Sure, I use a cheesecloth or a coffee metel filter to strain off the mold.  Sometimes one can just use a paper towel on the surface of the dyepot and pull the mold off.  Try to get most of it since it can settle on your yarn and "spot" it.  At the least rotate your yarn while you dye it to ensure that the skein doesn't settle against debris in the bottom of the dyepot.

Make sure your bottle is closed tightly to reduce chance of molding again before you use it.  Part of natural dyeing is dealing with the "natural" process.  Smells, molds...all part of the alchemy.  

regards  Deb Mc

http://debmcclintock.wordpress.com/category/dye/walnut/

Posted on Tue, 12/18/2012 - 00:21

I put the wool to be dyed in mesh bags. With walnut I typically am dyeing fleece.

I keep a walnut pot going starting from the time the walnuts start dropping through the fall.  I have an aluminum bushel and just toss the walnuts in -- rind and all -- and add water.  If mosquito larvae appear, I add vinegar.  It would gross some people out, but it's painless and it works.  Also, oak leaves fall in, adding tannin. I have also been known to throw in onion skins.

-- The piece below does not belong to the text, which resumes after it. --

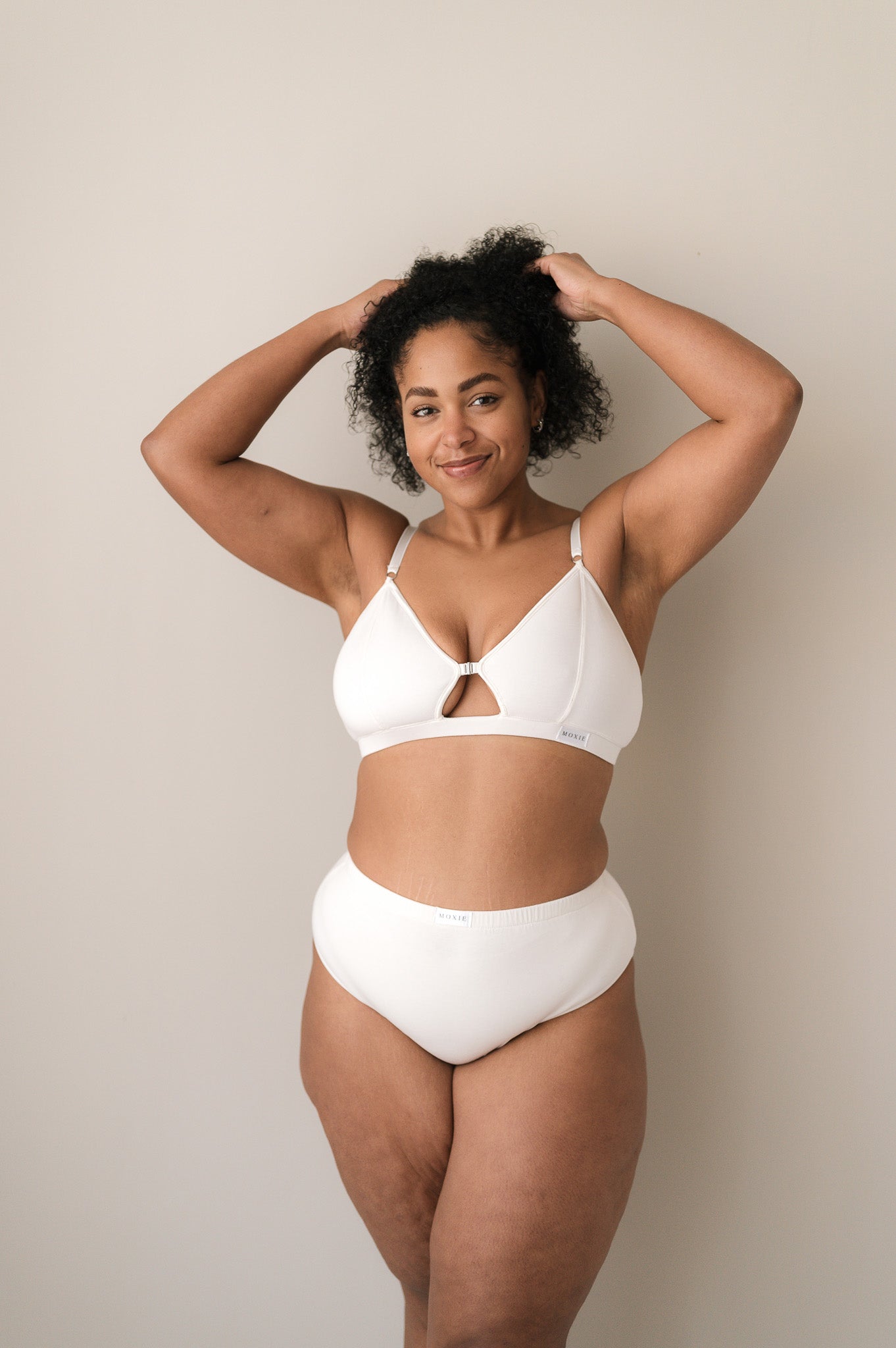 Ivory Signature Nursing Bra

There is no heating, straining, muss, or fuss.  I leave the bags of fleece in somewhere between a day and a week.  The colors are excellent and fast.

 

Posted on Tue, 12/18/2012 - 00:31

Skeins require a bit more effort than the dyed in the wool fleece. Folks just need to understand that the two are handled differently because of the spun versus unspun stages.

Posted on Tue, 12/18/2012 - 05:29

Thanks so much for your responses.  This will be my first, of hopefully, many successful natural dying.  

 

Alaa

Posted on Wed, 12/19/2012 - 00:20

Quite true re: skeins -- I use a wholly different methodology for them. 

I prefer dyeing in the wool to dyeing skeins because I typically blend more than one color or tone before spinning.  Although I have been known to space-dye skeins (and design a threading pattern to go with the space dyeing) I typically use synthetic dyes (lanaset) and go for even color distribution with them.  Even with synthetic dyes, slightly uneven blending gives a more "natural" look to the yarn, which is what I am going for when using natural dyes. 

The other advantage to a "rot pot", sun-activated dye methodology is that you can't felt your wool.  Although I generally pre-wash (in most cases, scour) my fleeces before dyeing, it's possible with this method to retain some or all of the grease if you want to.

Anyway, there are exciting but somewhat disgusting pathways to travel when it comes to natural dyeing:  cochineal, natural urea, fermenting indigo, etc.  A little mold in the walnut juice is just fine.